[Numpy-discussion] Funded work on Numpy: proposed improvements and request for feedback

Tue Aug 4 03:37:06 EDT 2009

Hi Chuck,

Charles R Harris wrote:
>
>
>
>     To make purely computational code available to third parties, two
>     things are
>     needed:
>
>     1. the code itself needs to make the split explicit.
>     2. there needs to be support so that reusing those functionalities
>     is as
>       painless as possible, from a build point of view (Note: this is
>     almost
>       done in the upcoming numpy 1.4.0 as long as static linking is OK).
>
>
> Ah, it itches. This is certainly a worthy goal, but are there third
> parties who have expressed an interest in this? I mean, besides trying
> to avoid duplicate bits of code in Scipy.

Actually, I think that's what interests people around the Nipy project
the most. In particular, they need to reuse lapack and random quite a
bit, and for now, they just duplicate the code, with all the problems it
brings (duplication, lack of reliability as far as cross platform is
concerned, etc...).

>  
>
>
>     Splitting the code
>     ------------------
>
>     The amount of work is directly proportional to the amount of
>     functions to be
>     made available. The most obvious candidates are:
>
>     1. C99 math functions: a lot of this has already been done. In
>     particular math
>       constants, and special values support is already implemented.
>     Almost every
>       real function in numpy has a portable npy\_ implementation in C.
>     2. C99-like complex support: this naturally extends the previous
>     series.  The
>       main difficult is to support platforms without C99 complex
>     support, and the
>       corresponding C99 complex functions.
>     3. FFT code: there is no support to reuse FFT at the C level at
>     the moment.
>     4. Random: there is no support either
>     5. Linalg: idem.
>
>
> This is good. I think it should go along with code reorganization. The
> files are now broken up but I am not convinced that everything is yet
> where it should be.

Oh, definitely agreed. Another thing I would like in that spirit is to
split the numy headers like in Python itself: ndarrayobject.h would
still pull out everything (for backward compatibility reasons), but
people could only include a few headers if they want to. The rationale
for me is when I work on numpy itself: it is kind of stupid that
everytime I change the iterator structures, the whole numpy core has to
be rebuilt. That's quite wasteful and frustrating.

Another rationale is to be able to compile and test a very minimal core
numpy (the array object + a few things). I don't see py3k port being
possible in a foreseeable future without this.

>
> The complex support could be a major effort in its own right if we
> need to rewrite all the current functions. That said, it would be nice
> if the complex support was separated out like the current real
> support.  Test to go along with it would be helpful.
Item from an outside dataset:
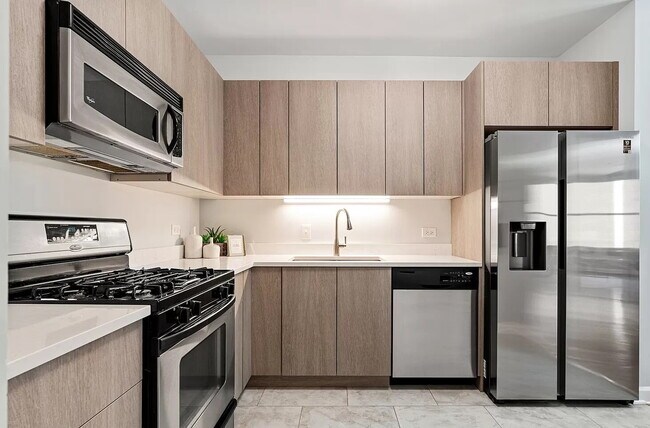Building Photo - Chic 1-Bed Condo with Hardwood Floors in Prime Chicago Location!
This also ties in
> with having build support for many platforms.

Pauli has worked on this a little, and I have actually worked quite a
bit myself because I need a minimal support for windows 64 bits support
(to fake libgfortran). I have already implemented around 10 core complex
functions (cabs, cangle, creal, cimag, cexp, cpow, csqrt, clog, ccos,
csin, ctan), in such a way that native C99 complex are used on platforms
which support it, and there is a quite thorough test suite which tests
every special value condition (negative zero, inf, nan) as specified in
the C99 standard. Still lacks actual values (!), FPU exception and
branch cuts tests, and thorough tests on major platforms. And quite a
few other functions would be useful (hyperbolic trigo).

>
>
>
>     Build support
>     -------------
>
>     Once the code itself is split, there needs some support so that
>     the code can be
>     reused by third-parties. The following issues need to be solved:
>
>     1. Compile the computational code into shared or static library
>     2. Once built, making the libraries available to third parties
>     (distutils
>       issues). Ideally, it should work in installed, in-place builds,
>     etc\.\.\.
>       situations.
>     3. Versioning, ABI/API compatibility issues
>
>
> Trying to break out the build support itself might be useful.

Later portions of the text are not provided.